Appeal from the United States District Court for the Southern District of New York. (Leonard B. Sand, Judge).

APPEARING FOR APPELLANT: Ronald Schwartz, Cincinnati, Ohio.

APPEARING FOR APPELLEE: Jeffrey H. Zimmerman, Assistant United States Attorney for the Southern District of New York, New York, New York.

S.D.N.Y.

AFFIRMED.

This cause came on to be heard on the transcript of record from the United States District Court for the Southern District of New York and was taken on submission.

ON CONSIDERATION WHEREOF, IT IS HEREBY ORDERED, ADJUDGED AND DECREED that the judgment of the District Court is hereby AFFIRMED.

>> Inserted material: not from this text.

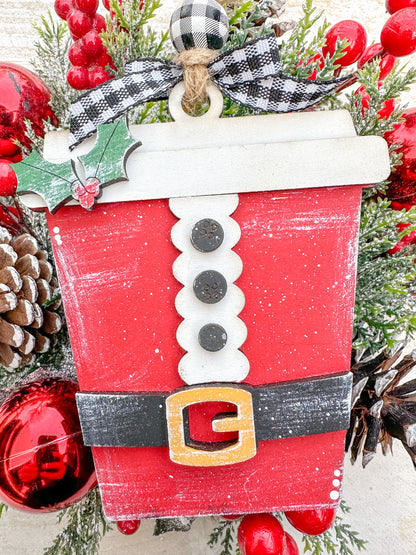 Santa Coffee Cup Ornament with Gift Card Holder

1. Petitioner-appellant Nelson T. Maldonado appeals from an order entered January 23, 1995 in the United States District Court for the Southern District of New York that denied his petition for a writ of habeas corpus brought pursuant to 28 U.S.C. § 2255. Maldonado had previously been convicted, after a jury trial, of one count of conspiring to distribute and possess with intent to distribute at least one kilogram of heroin and five kilograms of cocaine in violation of 21 U.S.C. § 846, and is currently serving his sentence.

2. Maldonado's habeas petition alleges a number of sentencing errors that were not raised on direct appeal. It is well settled that a defendant may not use a § 2255 motion "as a substitute for direct appeal," Marone v. United States, 10 F.3d 65, 67 (2d Cir. 1993) (per curiam), and that a failure to raise a claim on direct appeal will bar consideration of that claim in a § 2255 motion unless the petitioner can establish cause for his procedural default and actual prejudice resulting therefrom. Douglas v. United States, 13 F.3d 43, 46 (2d Cir. 1993); Campino v. United States, 968 F.2d 187, 190 (2d Cir. 1992).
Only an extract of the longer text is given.